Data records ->
---+---
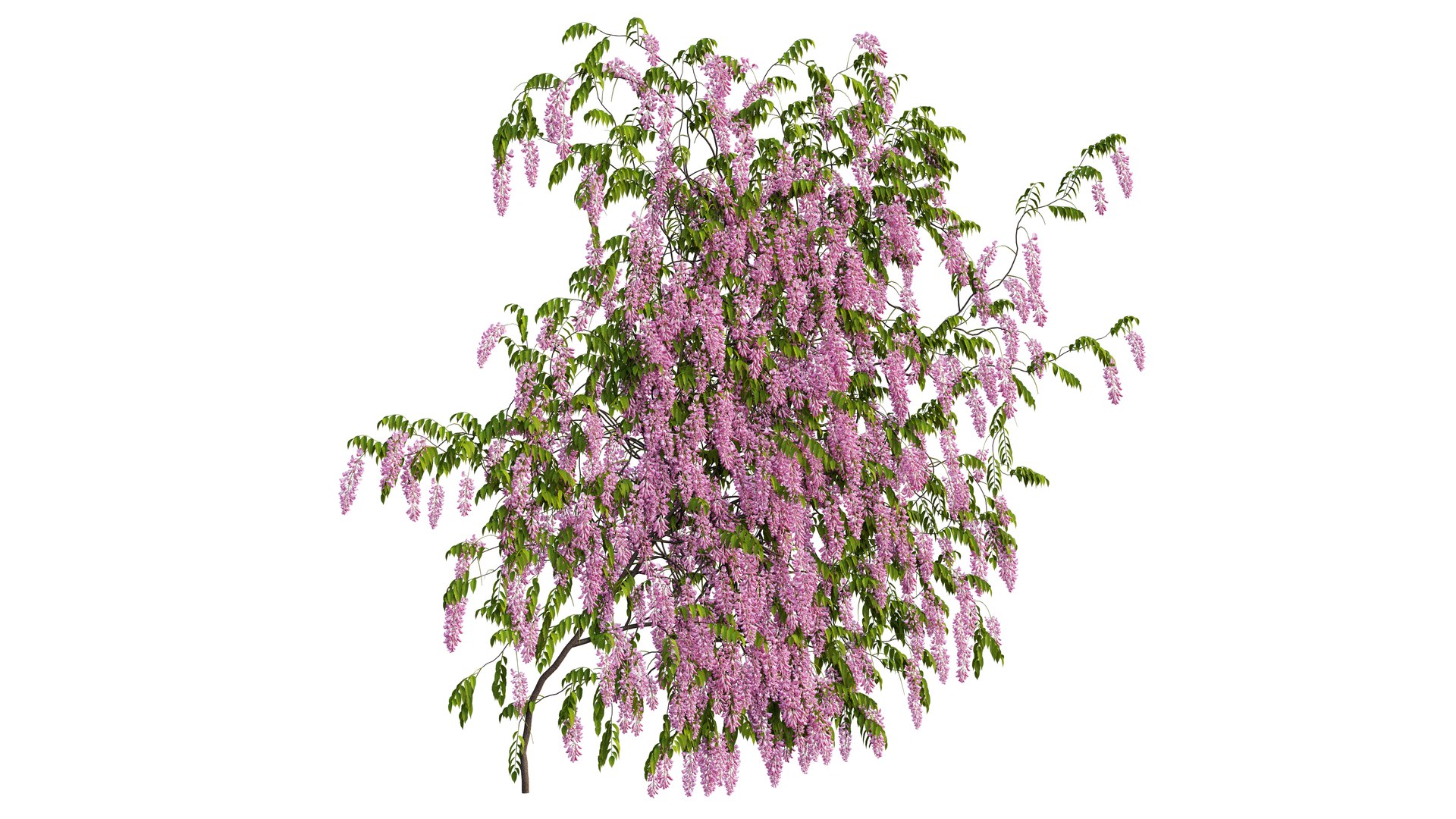 3D tree 03 https://p.turbosquid.com/ts-thumb/op/1wTrKE/s5/2_interactivelightmix/png/1606747703/1920x1080/fit_q87/d96ed332857c14e924eece6fc4870470cffe7d7e/2_interactivelightmix.jpg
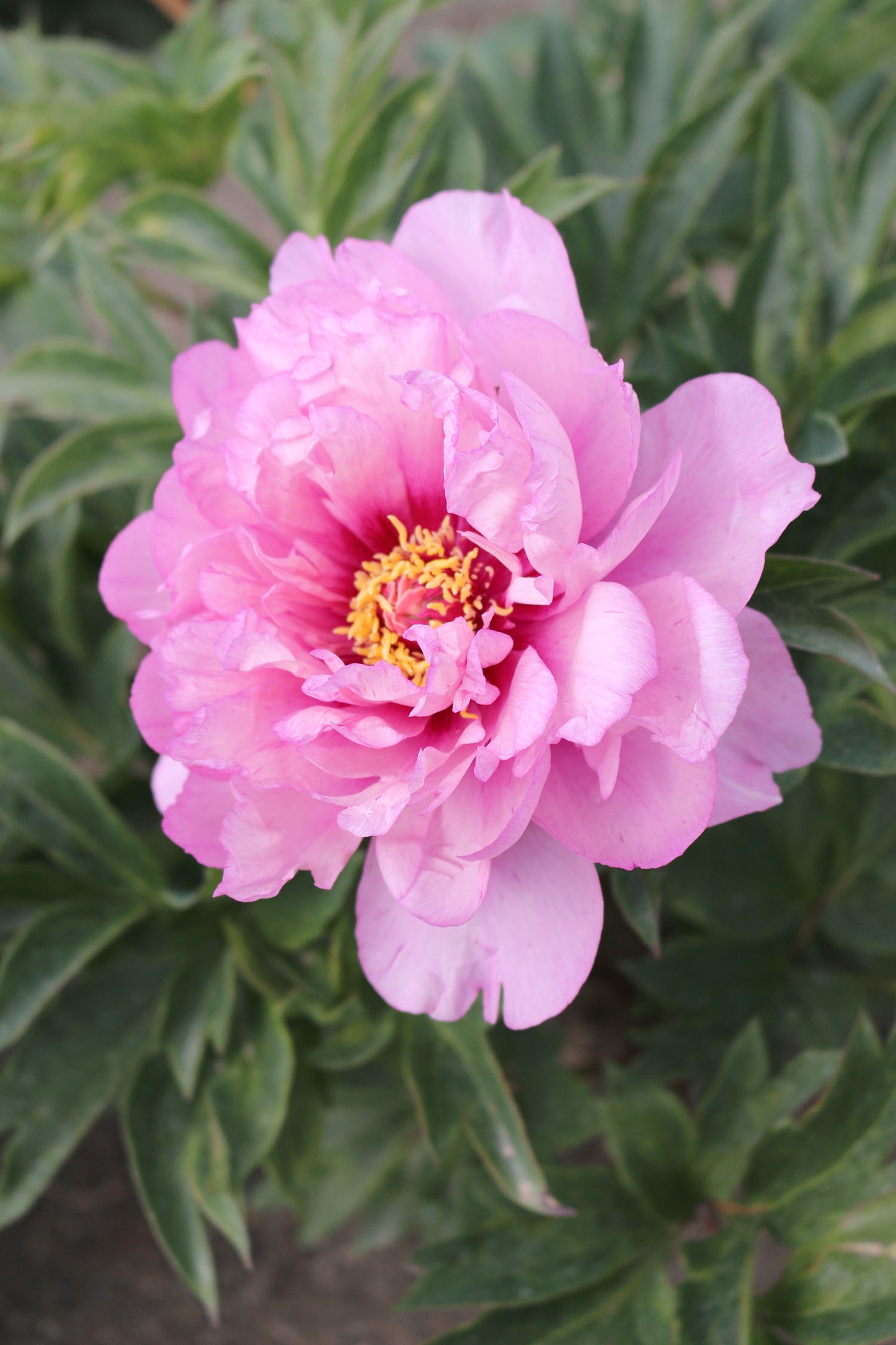 Paeonia Itoh First Arrival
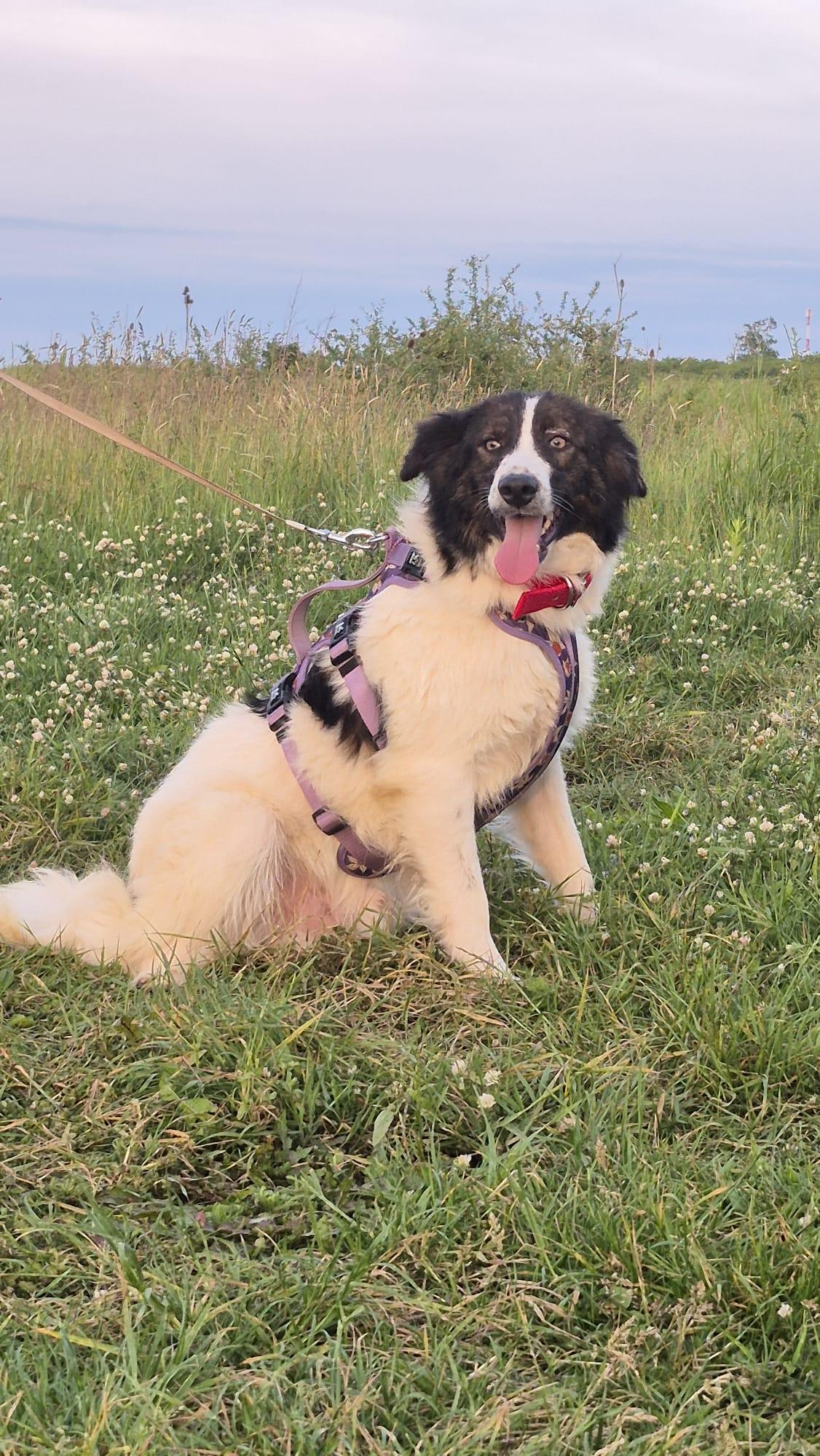 Lucky sucht sein Glück  – Hund Mischling sucht ein Zuhause in Fließem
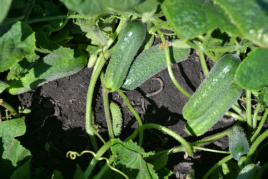 Насіння огірків Убеда F1 / Ubeda F1,45-48 днів купити оптом і в роздріб в Україні за вигідною ціною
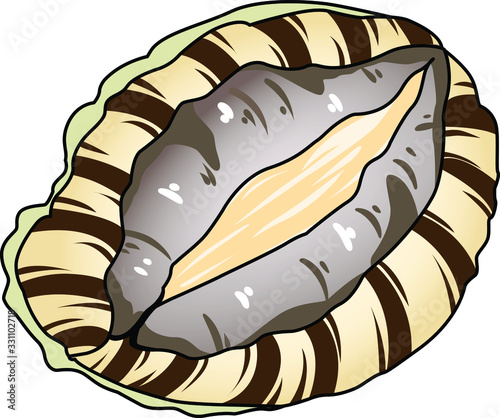 貝のイラストーアワビ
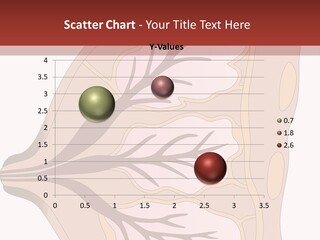 A Breast Diagram With The Name Of The Breast PowerPoint Template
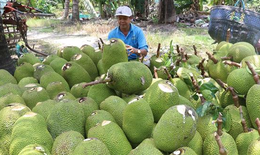 Sau Tết, giá mít Thái tăng hơn 20.000 đồng/kg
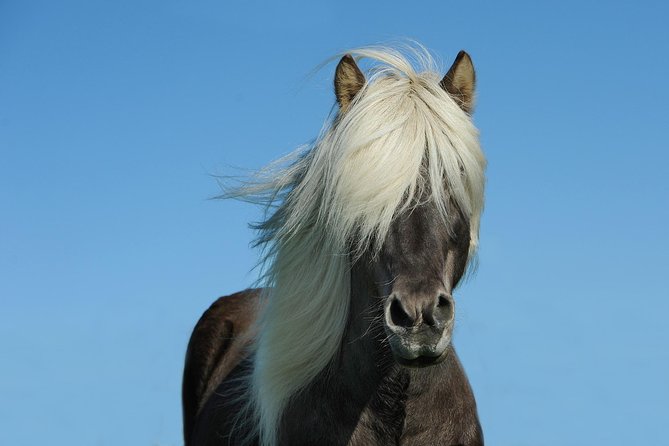Viking Horse Riding and Golden Circle Tour from Reykjavik - Gullfoss is the afternoon’s big finish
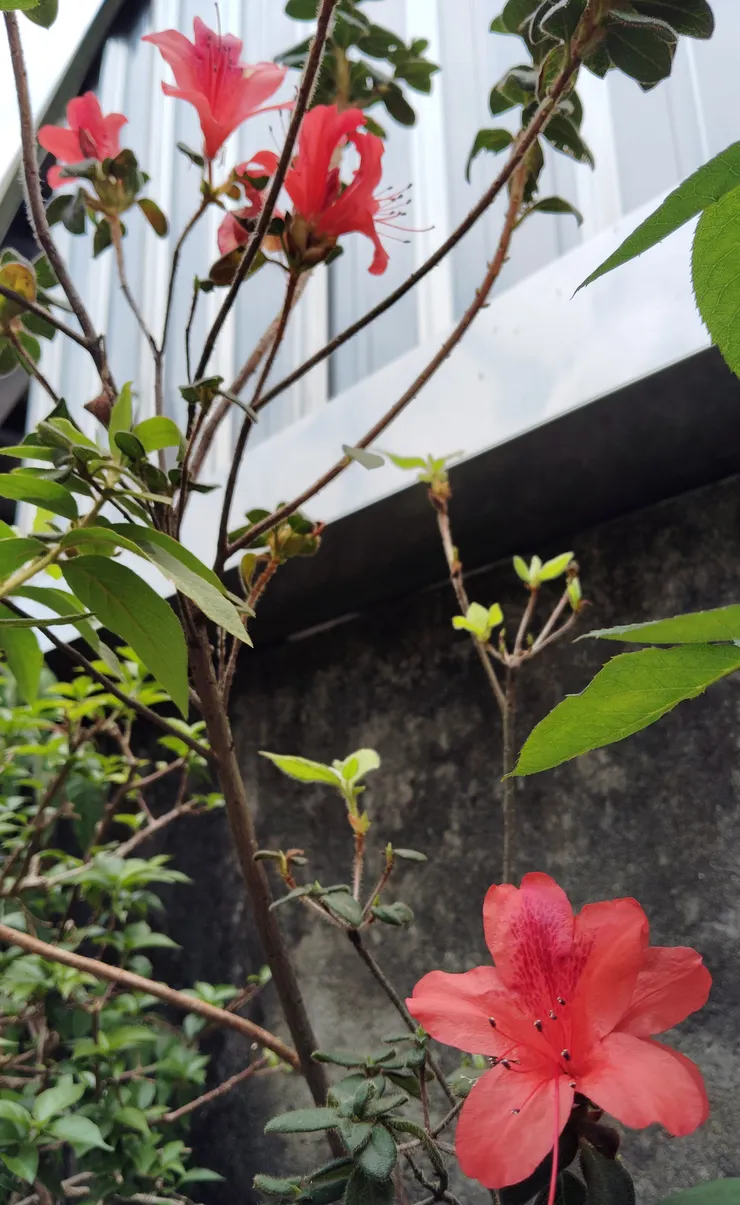 去年才跟烏來杜鵑「混植」在一起的金毛杜鵑，兩者今年相繼初開，但金毛較烏來晚了幾週才進入盛花期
---+---
Task item ->
With images omitted, retype the data word for word.

Problem solution ->
 3D tree 03 https://p.turbosquid.com/ts-thumb/op/1wTrKE/s5/2_interactivelightmix/png/1606747703/1920x1080/fit_q87/d96ed332857c14e924eece6fc4870470cffe7d7e/2_interactivelightmix.jpg
 Paeonia Itoh First Arrival
 Lucky sucht sein Glück  – Hund Mischling sucht ein Zuhause in Fließem
 Насіння огірків Убеда F1 / Ubeda F1,45-48 днів купити оптом і в роздріб в Україні за вигідною ціною
 貝のイラストーアワビ
 A Breast Diagram With The Name Of The Breast PowerPoint Template
 Sau Tết, giá mít Thái tăng hơn 20.000 đồng/kg
Viking Horse Riding and Golden Circle Tour from Reykjavik - Gullfoss is the afternoon’s big finish
 去年才跟烏來杜鵑「混植」在一起的金毛杜鵑，兩者今年相繼初開，但金毛較烏來晚了幾週才進入盛花期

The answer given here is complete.